Ingredients
Method
Instructions
- Sift the matcha powder into a small bowl or traditional matcha bowl (chawan) to prevent clumps.
- Add the 2 tablespoons of hot water to the sifted matcha. Whisk vigorously in a 'W' or 'M' motion using a bamboo whisk (chasen) or a small electric frother until the mixture is smooth and slightly frothy, with no clumps remaining.
- In a small saucepan, combine the coconut milk, maple syrup (or honey), vanilla extract, and sea salt.
- Heat the coconut milk mixture over medium-low heat, stirring occasionally, until it is hot and steaming but not boiling (about 3 minutes). Alternatively, heat in the microwave for 60-90 seconds.

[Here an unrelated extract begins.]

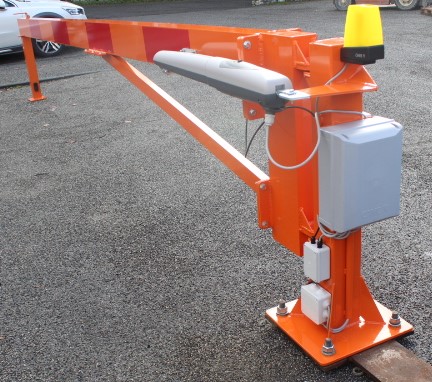 Barrière motorisée Bidart Ral 2009 Orange trafic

- Pour the warm, sweetened coconut milk into a mug, leaving some space at the top.
- Gently pour the prepared matcha mixture over the top of the heated milk. Use a spoon to hold back the foam briefly, then gently spoon the foam over the top for a layered effect, or whisk them together gently for a uniform color.
- Serve immediately. Optionally garnish with a sprinkle of matcha powder.
Notes
For an iced version, skip heating the milk. Prepare the matcha base as directed, then combine with cold coconut milk and pour over a glass full of ice. You may need to slightly increase the sweetener when making it cold.